If you please to go from addition to addition, else we shall
never come to a resolution. I pray you let us go from point
to point, if we can agree of aught. A fate hangs over us. We
shall not know what to think of ourselves, as the people know
not what to think of it.
Let us have any settlement rather than no settlement. I
beseech you, keep us to something.
Mr. Turner. It is more ingenuous to give a plain negative to the question, than to put an addition to it which destroys the question.
It is objected, they are no House till "approved of by this
House." The letter of the law is clear, "without approbation
of this House," the words are exclusive enough. (fn. 14)
Many arguments have been used against transacting.

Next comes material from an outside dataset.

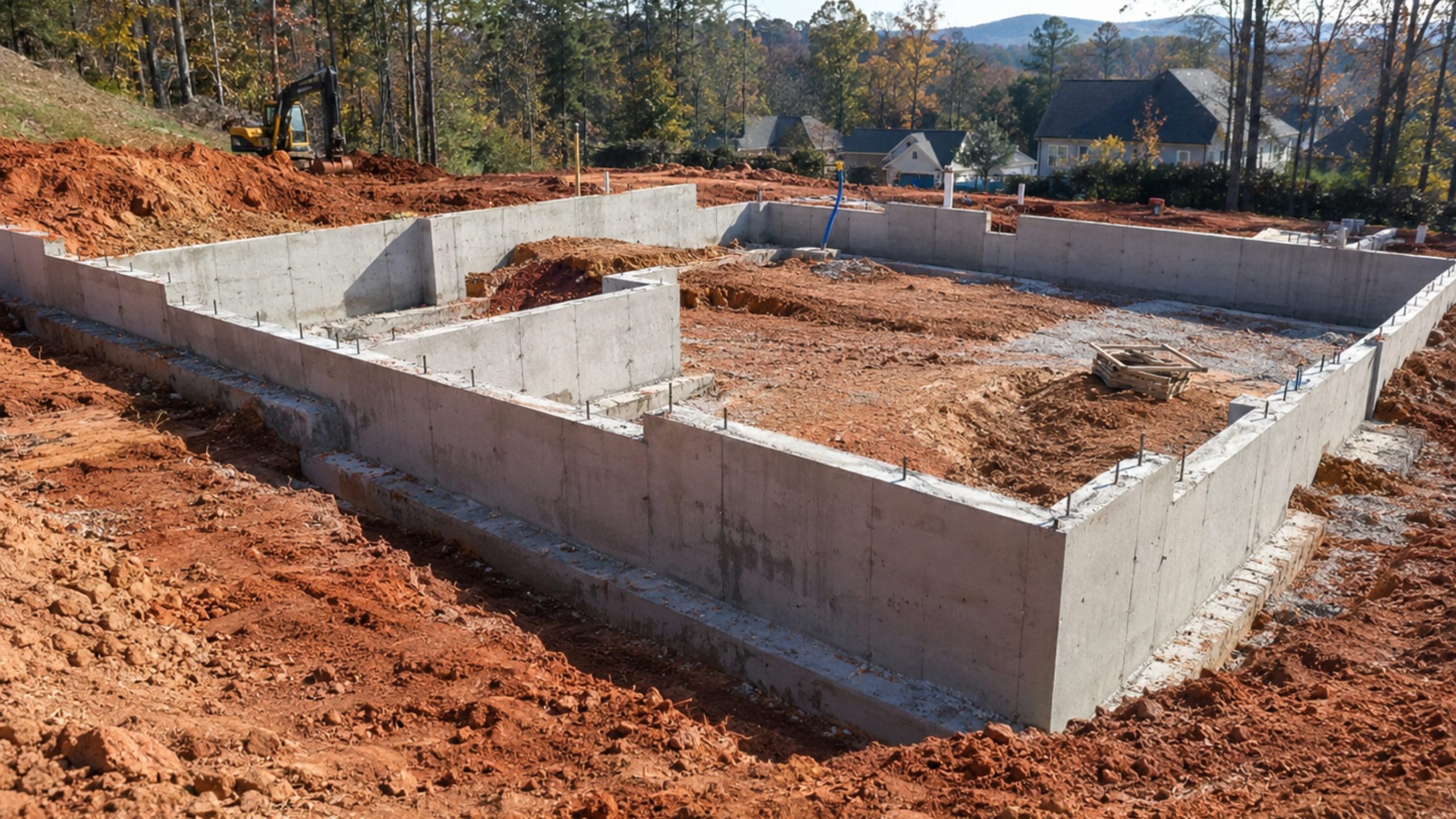 Concrete foundation for a house under construction, surrounded by red dirt and earthmoving equipment, with trees and houses in the background.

It has
been sharply urged upon us as to the persons, that the House
consists of Major-generals that are taken out of the country,
and set in a House of Parliament. (fn. 15) If it were so, they are
taken from an unlimited power, to be circumscribed by a law.
I fear not the persons, but their powers; but I am sure it
will be our great unhappiness, if by the misfortune of this
Parliament they should return to the (fn. 16) same power again.
But the strongest objection is; will you vote to transact
with them before you bound them ? I know no bounds you
can apply to them without consent, other than are put to them
already. You cannot bound them farther till you transact.
If you agree the powers, you must do it by a law. That
must be by consent of both Houses, and your very carrying
up a Bill to them is to transact. Why should we be unwilling to say what we actually do ? We cannot make laws without another House. Our own vote bars us.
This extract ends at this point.